About five times a day, here at the Great Orange Satan, someone yells POPCORN! I myself am guilty of this. And because I'm so suggestable, it often motivates me to (horrors) leave my keyboard for a few minutes! and go make popcorn.
I used to do microwave popcorn but several enlightenments happened. 1) I read the ingredients in the microwave package, very bad, palm oil, unpronounceable chemical names, bad. And 2) I looked at the pricetag Vs a bottle of generic popcorn from my local super. That microwave convenience was EXPENSIVE! Even if the profit was going to charity (Paul Newman's brand), I could use a little charity here, so I shifted to the bulk bought stuff.
When I was a kid, we'd had this stuff called Jiffy Pop that had a tinfoil package that expanded like a turban as the corn popped. That was cool! But you had to keep shaking it or it would burn. And it doesn't fit with my "less package, more content" philosophy, so I went with a cooking pot with a lid and a handle.

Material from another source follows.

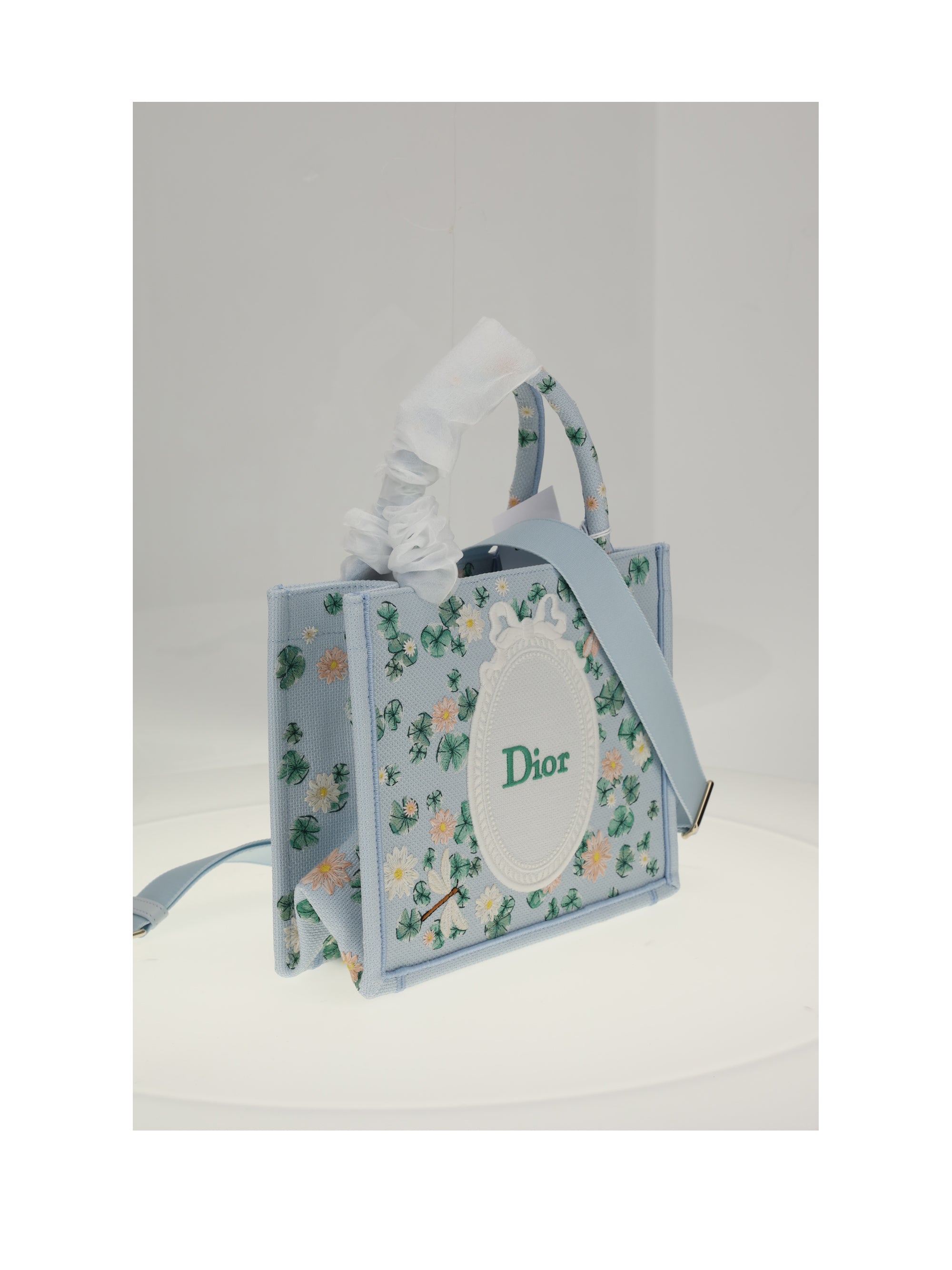 dior book tote small waterlily emb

I like butter. Butter, however, does not like me, in fact it's trying to kill me. So I experimented with other oils. Canola oil, no flavor. Olive oil, some flavor but not butter (although it is awesome with garlic and onion powder!) I found a popcorn cooking oil (of a famous popcorn maven who's name I don't want to advertise (They are not sponsoring me)) that is soybean oil with butter flavoring (whatever that is) that actually works well and is zero cholesterol. I will probably find out it has some other vice but for now, it's my go-to.
Popcorn has a history.
Incas in Peru were popping corn in 4700 BCE! And Mexicans were at it as early as 3600 BCE. A commercial popcorn popper was invented in 1885 and debuted at the Columbian Exposition in Chicago. Popcorn was already known but didn't take off until the Depression (It was cheap and filling) and really took off during WWll when sugar rationing made candy scarce.

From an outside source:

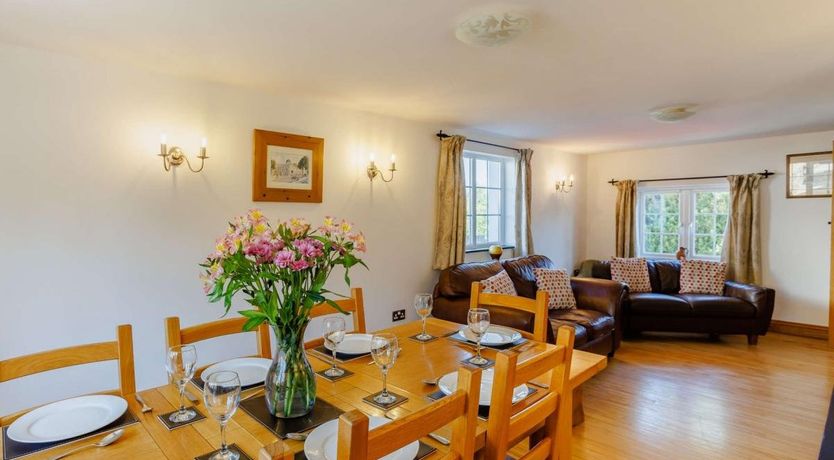 Photo of 4 Bed in Littleham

Any kind of dry corn kernel will pop but there is one type, Zea mays everta, that is specifically grown for popcorn. It has a hard, steam-proof shell that holds the steam inside until it reaches about 135 psi whereupon it explodes. The starch inside, by this time has polymerized and when it explodes, it becomes a foam which quickly sets.
Most of the commercial popcorn is grown in Nebraska and Indiana but Texas is moving up in the market. It is the official snack food of Illinois.